Then just looking at one of those other ads, I also targeted Barry Eisler, who was an Indie author, in fact is an Indie author, he was traditionally published, like similar books out of my Milton series, very similar. I spent $210 on ads to his fans on Bookbub, sold $332 worth of books, making a return investment of 58%. That kind of return, we’ve seen across all of those ads so, I probably spent maybe $1000 and made around about $1600 back. Something along those lines and sold several hundred copies to get there.

All of those things together were able to … and combine with those Amazon ads I mentioned. I ran a few of those. We’re able to really make that rank quite sticky and it hovered around the 200ish mark for about a week. It’s still is bumping around 500 so, it’s still selling really strongly, even two weeks after it was released.

James: That’s really interesting that the Bookbub platform has matured and become more effective, do you think, for you?

Mark: Well, the audience is always getting bigger. I haven’t run any ads for about six months.

All ads go stale eventually. Facebook has to take longer to go stale because it’s a much bigger audience to serve into. Bookbub ads go a little staler a bit faster because obviously their audience is comparatively much smaller than Facebook’s. So, I haven’t been on that platform for a while.

I also got Stewart, my designer, to do a nice image that matched their specifications, had a nice pull quote from one of the reviews, just phenomenal, with an Amazon reviewer. That was quite a hook, and it works. It went really well. Those ads were really effective. I’ve continued to run those until quite recently so they’ve done well.

James: You did get some good reviews, which is great and very pleasing for you. Stewart’s cover was great. There was a hint of Freddie Mercury about it.

Mark: Yeah, Several people have said that.

James: It occurred to me straight away when I saw it, as well. I don’t know if … I haven’t read the book, I should confess.

Has Milton bulked up a little bit? Was that part of the imagery? He looks like it a little bit. Bulkier than he was before?
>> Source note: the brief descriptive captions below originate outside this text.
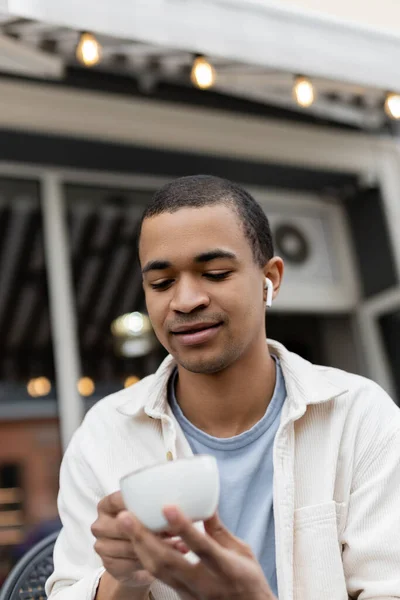 Hombre Afroamericano Auriculares Inalámbricos Mirando Taza Café Terraza Verano — Foto de Stock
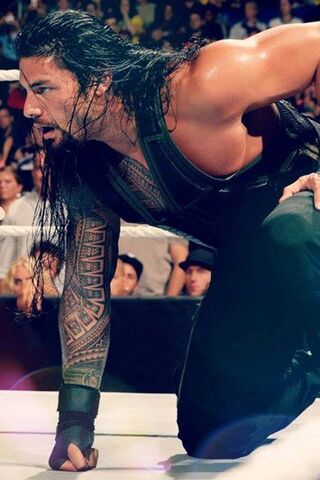 The Powerhouse of the Ring: Roman Reigns in Action! 💪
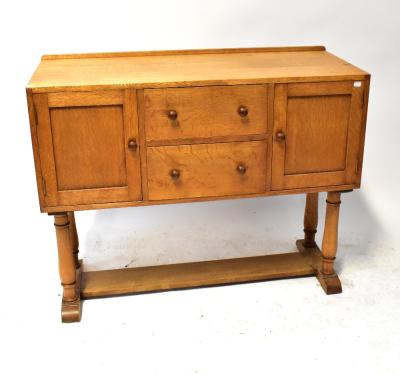 HEALS OF LONDON; an oak sideboard with a pair of drawers flanked by cupboard doors, on turned supports united by a stretcher, with ivorine label to inside of one of the doors, 90 x 112 x 45cm.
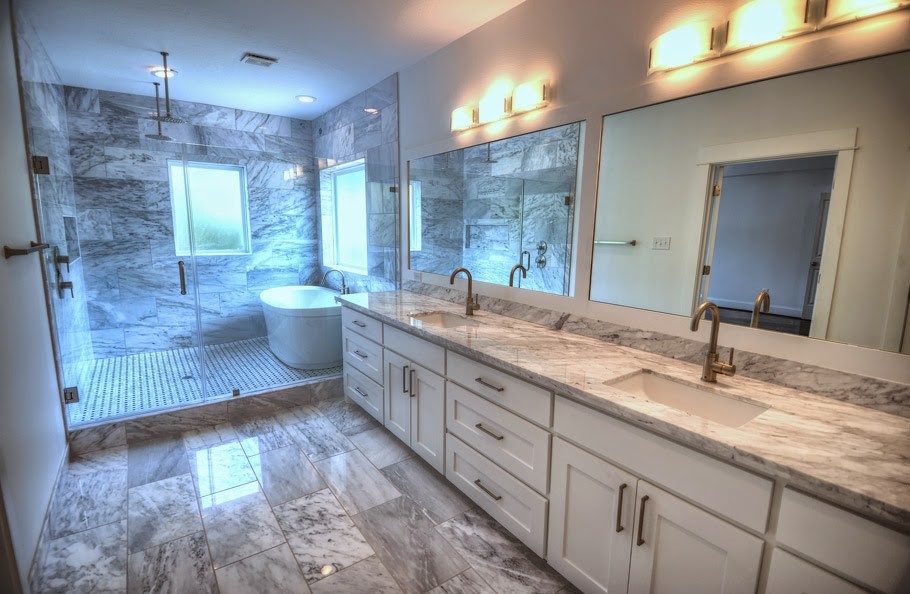Mid-sized transitional master bathroom in Houston with an undermount sink, shaker cabinets, light wood cabinets, granite benchtops, a freestanding tub, a double shower, white tile, stone slab, white walls and mosaic tile floors.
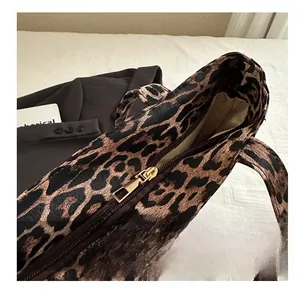 Détail d'un sac cabas à imprimé léopard avec fermeture éclair dorée et polie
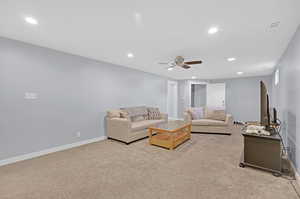 Living room featuring ceiling fan and light colored carpet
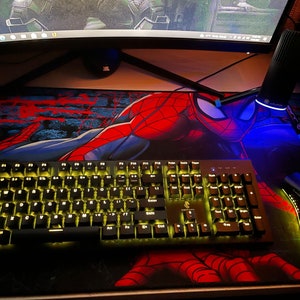 Op de afbeelding: Een zwart mechanisch toetsenbord met geel verlichte toetsen en een zwarte gamingmuis met groene verlichting, beide rustend op een grote rechthoekige bureaumat met een rode en blauwe Spider-Man grafische print op een donkere achtergrond.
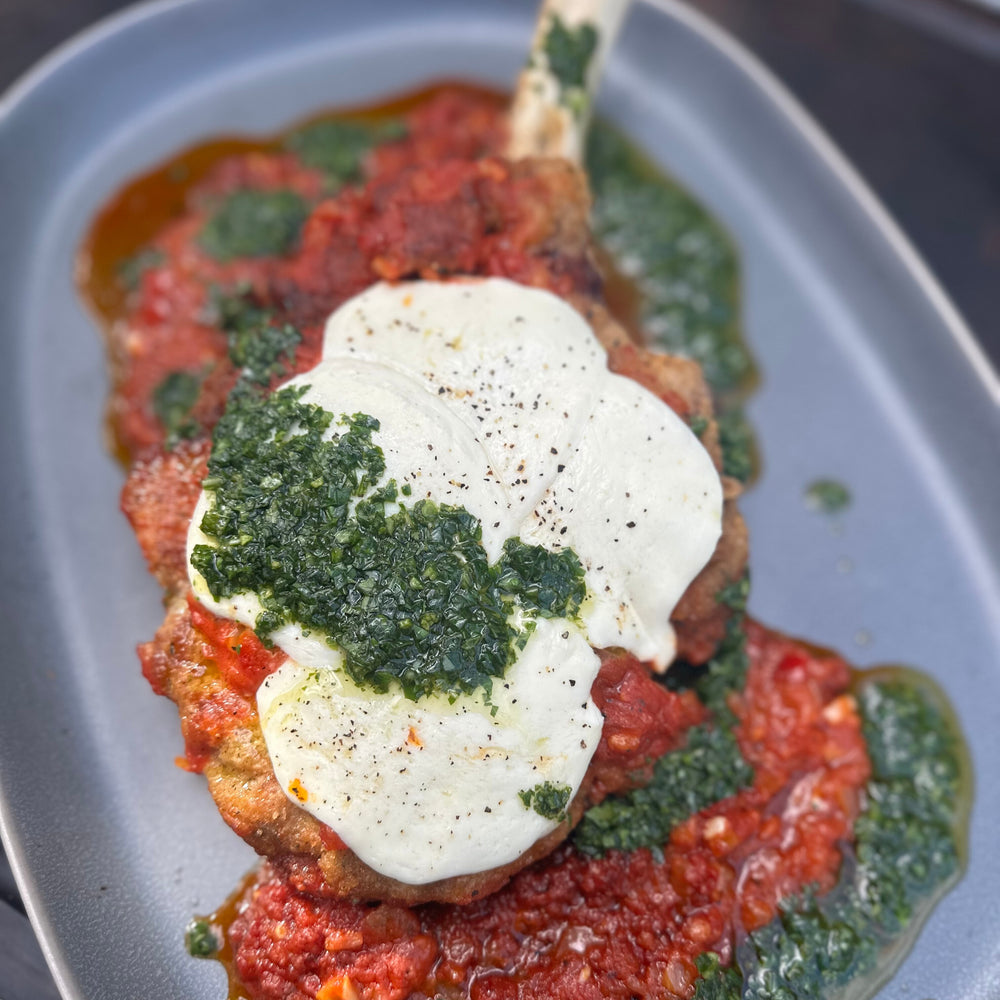 bread and fried veal chop with Sunday sauce and fresh mozzarella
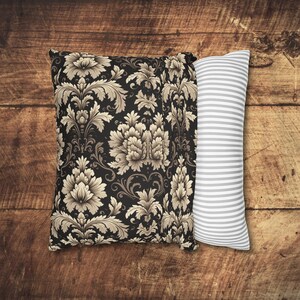 May include: Two decorative pillows, one with a black background and a beige floral pattern, and the other with a white background and gray stripes.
Mark: No. Generally covers don’t reflect that kind of granular detail. So no, not really.

James: Describe granular detail for the YouTuber.

Mark: And for listeners, James. I think I may need to get binoculars because I think he’s flexing his muscles. Put the guns away James.

James: Put the boys away.

Mark: I’ll finish with sales in a minute. A couple of things are worth mentioning. A couple of learnings on this.

The error I referred to with Kobo and pre-orders, this was a complete, well, an embarrassing faux pas that was rescued by Mark Lefebvre and all the lovely guys over there.

I put up a sample. When you do a pre-order, you need to have a little sample up so people can have a look. I put up the first chapter, which was pretty much locked down quite a long way before the rest of the book.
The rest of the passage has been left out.